Very interesting! Thanks for looking into it. I am going to dive deeper and try to figure out why my model is performing better using pytorch defaults (it could still be chance) and I'll make sure to report back.

Also, if the decoder is a single layer and doesn't have an activation function (I guess softmax is the activation function), and our encoder is frozen, why do we need to init using kaiming? Shouldn't we just init to have a mean of 0 and unitary std dev?

[titu1994]

Hey @rbracco, I have some preliminary results (at least for from-scratch training).

Though i havent plotted it here, the WERs (train, dev, test) exactly match the shape of the graph here. While this is just a point sample observation, xavier for both enc-dev is the best bet for from scratch training.

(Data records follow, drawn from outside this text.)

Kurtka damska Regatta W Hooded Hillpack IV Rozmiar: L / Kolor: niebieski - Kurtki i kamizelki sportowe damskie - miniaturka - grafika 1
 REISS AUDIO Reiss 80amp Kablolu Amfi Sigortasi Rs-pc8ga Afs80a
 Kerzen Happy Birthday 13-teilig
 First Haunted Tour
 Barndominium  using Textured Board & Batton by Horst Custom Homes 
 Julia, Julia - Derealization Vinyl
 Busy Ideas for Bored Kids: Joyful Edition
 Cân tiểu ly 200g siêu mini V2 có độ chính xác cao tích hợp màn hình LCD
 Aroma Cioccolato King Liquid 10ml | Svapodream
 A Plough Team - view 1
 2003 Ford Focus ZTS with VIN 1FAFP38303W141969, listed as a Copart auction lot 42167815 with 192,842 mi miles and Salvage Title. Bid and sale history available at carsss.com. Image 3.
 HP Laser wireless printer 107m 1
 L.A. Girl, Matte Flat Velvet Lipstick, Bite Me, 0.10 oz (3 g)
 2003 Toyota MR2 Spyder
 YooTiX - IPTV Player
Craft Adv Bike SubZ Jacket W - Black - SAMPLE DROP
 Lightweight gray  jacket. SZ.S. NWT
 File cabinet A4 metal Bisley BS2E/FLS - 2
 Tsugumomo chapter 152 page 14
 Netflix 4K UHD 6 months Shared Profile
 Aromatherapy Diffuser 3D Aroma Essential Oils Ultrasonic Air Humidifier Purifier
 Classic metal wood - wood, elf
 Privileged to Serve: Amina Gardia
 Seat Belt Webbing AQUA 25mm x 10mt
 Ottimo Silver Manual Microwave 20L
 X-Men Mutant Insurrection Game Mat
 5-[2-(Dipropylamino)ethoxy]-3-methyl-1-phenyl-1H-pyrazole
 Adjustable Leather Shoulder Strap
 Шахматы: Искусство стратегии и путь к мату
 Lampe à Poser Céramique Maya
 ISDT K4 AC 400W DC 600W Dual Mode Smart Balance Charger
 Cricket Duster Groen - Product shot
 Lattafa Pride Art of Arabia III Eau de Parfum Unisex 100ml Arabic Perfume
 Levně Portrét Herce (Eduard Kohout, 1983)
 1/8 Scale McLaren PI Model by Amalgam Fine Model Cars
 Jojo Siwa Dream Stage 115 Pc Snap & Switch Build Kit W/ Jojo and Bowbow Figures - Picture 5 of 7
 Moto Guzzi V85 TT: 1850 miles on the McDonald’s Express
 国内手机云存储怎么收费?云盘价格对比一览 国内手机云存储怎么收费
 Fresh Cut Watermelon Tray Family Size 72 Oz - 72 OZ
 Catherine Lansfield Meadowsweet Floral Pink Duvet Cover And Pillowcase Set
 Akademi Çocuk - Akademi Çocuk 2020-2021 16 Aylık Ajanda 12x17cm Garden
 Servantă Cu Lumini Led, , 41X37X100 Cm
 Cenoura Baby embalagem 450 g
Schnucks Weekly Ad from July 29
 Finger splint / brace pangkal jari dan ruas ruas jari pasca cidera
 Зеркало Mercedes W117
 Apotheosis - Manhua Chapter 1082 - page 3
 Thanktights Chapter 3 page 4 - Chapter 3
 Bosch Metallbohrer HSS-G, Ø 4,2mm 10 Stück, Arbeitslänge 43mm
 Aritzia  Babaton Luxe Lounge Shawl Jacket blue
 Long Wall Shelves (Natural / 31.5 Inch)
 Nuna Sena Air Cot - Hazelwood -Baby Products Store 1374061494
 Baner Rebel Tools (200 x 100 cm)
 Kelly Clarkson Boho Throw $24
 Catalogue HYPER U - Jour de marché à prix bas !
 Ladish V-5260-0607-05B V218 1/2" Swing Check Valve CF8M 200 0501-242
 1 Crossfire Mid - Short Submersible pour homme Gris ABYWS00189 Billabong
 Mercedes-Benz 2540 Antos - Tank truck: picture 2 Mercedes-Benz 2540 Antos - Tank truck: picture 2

This doesnt invalidate your observation that loss reduces faster for finetuning. For the time being, I think we can enable a None flag for init_mode which would enable default pytorch initialization since it is a potential use case. We'll need extensive experimentation to show that its worth doing that for the decoder during finetuning however (which I currently can't do).

[titu1994]

Related PR https://github.com/NVIDIA/NeMo/pull/1472

[rbracco]

Awesome work @titu1994! Good to see that it isn't a problem for training from scratch. I'm not sure but maybe batchnorm lessens the importance of init since they all seem to end up in the same place. I will keep experimenting with transfer learning and report back. I just switched my training from English to Spanish with a totally different dataset and vocab, so I will try several inits on the new set and see if it is similar to what I experienced before, or if it was just a fluke. I should be able to report back early next week.

[titu1994]

PR https://github.com/NVIDIA/NeMo/pull/1472 is merged, and therefore you can now simply pass init_mode=None to get default pytorch initialization.

[rbracco]

Thank you! Just wanted to report back that in Spanish I failed to converge and then switched the init to be pytorch default and converged. I haven't had time to run full experiments, but I will probably do a writeup on transfer learning with NeMo at some point as I'm discovering lots of stuff that is causing faster convergence.